En outre, la sélection sur le CV — en particulier pour les jeunes diplômés — tend à privilégier les candidats qui ont bénéficié d’un cours dans des écoles de commerce ou des écoles d’ingénieurs, qui sont nettement plus accessibles aux populations appartenant à des classes socio-économiques supérieures. Le recrutement de CV contribue à la reproduction des inégalités, mettant à l’écart de nombreux candidats, principalement en raison de leur origine, ce qui constitue une forme de discrimination indirecte.

Comment se fait-il qu’une méthode de dépistage inefficace (dépistage du CV), fondée sur des documents partiels et compromettant fondamentalement la diversité organisationnelle, soit toujours au cœur des pratiques de recrutement et des professionnels de la gestion des RH ?

Le manque fondamental de connaissance des facteurs de réussite dans le poste.

Premièrement, nous pouvons proposer l’hypothèse d’un manque de connaissance ou d’une connaissance partielle des facteurs qui sont vraiment susceptibles d’influer sur le succès des gens une fois embauchés.

En fait, comment fonctionne la définition des critères qui servira de premier filtre ? Souvent, le recruteur responsable de la mission de recrutement effectue un entretien de définition avec le gestionnaire pour lequel il recrute. Ensemble, ils examinent la compétences qui doivent être recherchées. Les critères essentiels sont définis, de sorte que les critères qui peuvent être un plus. Ensuite, le gestionnaire est interrogé sur ses préférences : quel niveau d’étude est désiré ? Bac 2 ?, 3 ?, 4 ?, 5 ? Certaines écoles ciblées sont-elles préférées ? Devrait-on avoir besoin d’une expérience minimale ? Si oui, quel âge ? Sur quels domaines ?

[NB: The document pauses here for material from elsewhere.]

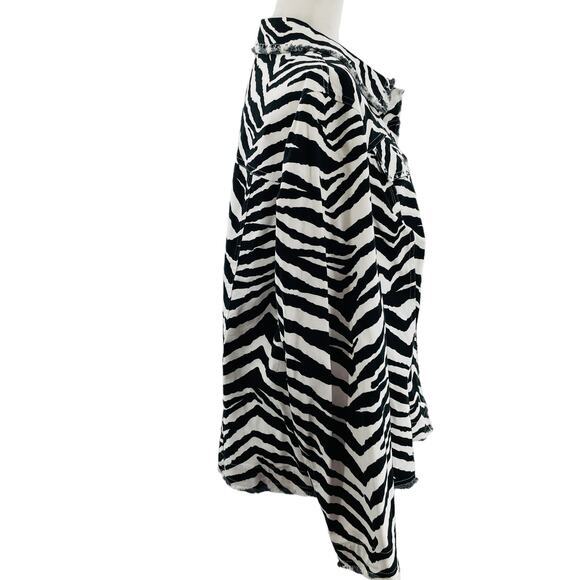 Laura Ashley Black & White Zebra Print Sequin Trim Raw Edge Jacket Women Sz 2X - Picture 3 of 11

Et c’est là que le bâtiment fait mal. Souvent, le directeur a tendance à citer l’école ou le groupe d’écoles où il a passé. Fondamentalement, bien que aucun fait ne soutient son intuition, il est convaincu qu’une personne qui a fait la même (grande ?) qu’il sera d’autant plus en mesure de travailler efficacement à ses côtés ou à son service. C’est un biais projectif bien connu dans la psychologie du travail.

Mais la chose la plus gênante à propos de cette histoire est que le succès académique n’a finalement pas grand-chose à voir avec le succès. Beaucoup des études ont conduit à la conclusion que l’information contenue dans le CV (y compris les antécédents académiques des gens) avait un pouvoir prédictif extrêmement faible (0,18 en moyenne sur une échelle de 0 à 1, où l’évaluation de la personnalité et/ou des capacités intellectuelles permet d’atteindre des niveaux de 0,30 à 0,60) 2.

Le choix du potentiel comme alternative à la sélection des CV au sein des entreprises

Dans de nombreux métiers, il a été solidement établi que les candidats à fort potentiel — c’est-à-dire la combinaison de capacités intellectuelles supérieures à la moyenne, de motivations stimulantes pour les sortir de leur zone de confort et de certains traits de personnalité propres au poste occupé — offrent des résultats jusqu’à 8 fois plus élevés que les collaborateurs les moins performants3.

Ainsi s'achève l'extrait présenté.